Otras comienzan mucho antes, en la lenta acumulación de agravios, discursos y miedos que se sedimentan durante décadas hasta que un día la historia decide cobrar la cuenta.
La guerra entre Estados Unidos e Irán pertenece a esa segunda categoría.
Cuando los misiles comenzaron a cruzar los cielos del Golfo Pérsico y los drones aparecieron sobre las bases militares del Medio Oriente, muchos analistas occidentales hablaron de una guerra nueva.
Pero en realidad no era nueva. Era la continuación inevitable de una confrontación que llevaba casi medio siglo incubándose en los discursos, en las sanciones económicas, en las operaciones encubiertas y en los campos de batalla indirectos de la región.
En 1979, cuando la revolución islámica encabezada por el ayatolá Ruhollah Khomeini derribó al Shah de Persia, el mundo entró en una nueva etapa de la historia del Medio Oriente.
Aquella revolución no fue solamente un cambio de gobierno.

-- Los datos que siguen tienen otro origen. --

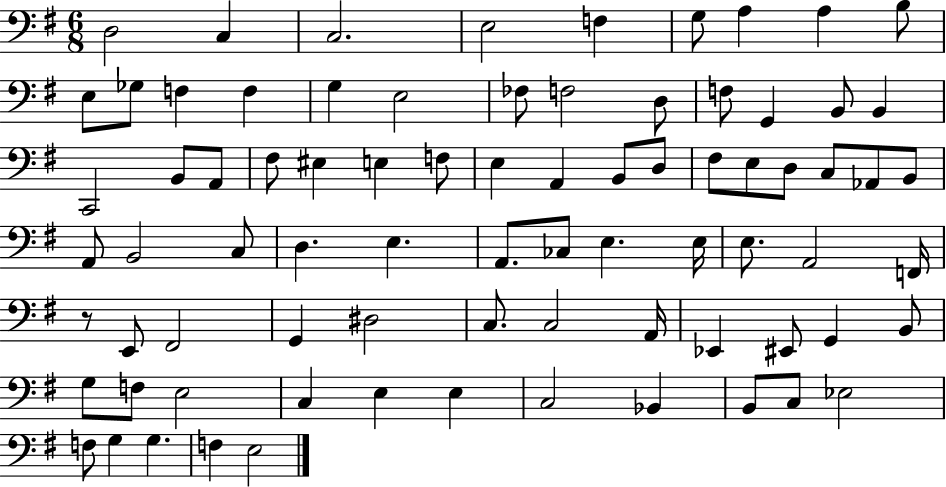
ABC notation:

Fue la instauración de un sistema político teocrático que se presentó a sí mismo como enemigo declarado de la influencia occidental, particularmente de los Estados Unidos.
Desde entonces, durante cuarenta y siete años, el régimen nacido de aquella revolución ha repetido una consigna que se convirtió en símbolo de su política exterior: “Muerte a los Estados Unidos”.
Para muchos en Occidente, esa frase parecía retórica ideológica.
Para otros era la expresión de una hostilidad profunda que tarde o temprano debía desembocar en un enfrentamiento directo.
Mientras tanto, el régimen iraní consolidaba su poder interno con mano dura.
Protestas populares eran reprimidas, opositores encarcelados y miles de ciudadanos castigados por desafiar la autoridad de un sistema que fusionaba religión, política y aparato militar.
Pero el conflicto no se desarrollaba solamente dentro de Irán.
En el escenario regional, Teherán fue construyendo lentamente una red de aliados y milicias que ampliaron su influencia desde el Líbano hasta Yemen.
Hezbollah en el Líbano, diversas milicias en Irak, grupos armados en Siria y los hutíes en Yemen formaron parte de una arquitectura estratégica diseñada para desafiar la presencia de Estados Unidos y de sus aliados en la región.
Durante décadas, esta guerra fue una guerra indirecta.
Se libraba en sombras, en sabotajes, en sanciones económicas, en operaciones de inteligencia y en conflictos locales donde las potencias actuaban a través de terceros.
Era una guerra fría regional, sostenida por ideología, geopolítica y petróleo.
Pero la historia tiene una forma curiosa de acelerar los procesos cuando las tensiones alcanzan cierto punto.
En el Golfo Pérsico, donde pasa cerca de una quinta parte del petróleo que mueve la economía mundial, la geografía convierte cualquier confrontación en un asunto global.
El estrecho de Ormuz, esa garganta marítima que conecta el Golfo con el océano Índico, es uno de los puntos estratégicos más delicados del planeta.
Cuando el conflicto llegó finalmente a las aguas del Golfo, la lógica de décadas de hostilidad encontró su desenlace militar.
La frase del escritor estadounidense H. L. Mencken parece escrita para momentos como este:
“El amor es como la guerra: fácil empezar, pero muy difícil parar.”
Sin embargo, incluso comenzar una guerra de esta magnitud no es tan simple como parece.
Durante años, tanto Washington como Teherán evitaron cruzar ciertas líneas rojas.
Ambos sabían que un enfrentamiento directo podía incendiar toda la región y alterar el equilibrio energético del mundo.
Pero cuando las tensiones se acumulan durante generaciones, llega un momento en que la prudencia política deja de ser suficiente para contenerlas.
Así ocurre con las guerras largas.
No empiezan realmente el día en que se dispara el primer misil.
Empiezan mucho antes, cuando los discursos se endurecen, cuando las sociedades dejan de verse como adversarios políticos y comienzan a verse como enemigos históricos.
En ese momento, la guerra deja de ser un accidente.
Se convierte en destino.
Hoy, mientras los líderes políticos hablan de victorias estratégicas y de objetivos militares alcanzados, el mundo observa con inquietud el desarrollo de un conflicto que no nació en el presente, sino en la memoria de décadas.
Porque en el fondo, esta guerra no es solamente una confrontación militar.
Es la culminación de cuarenta y siete años de historia acumulada.
Y como ocurre con todas las guerras largas, detenerla será probablemente mucho más difícil que comenzarla.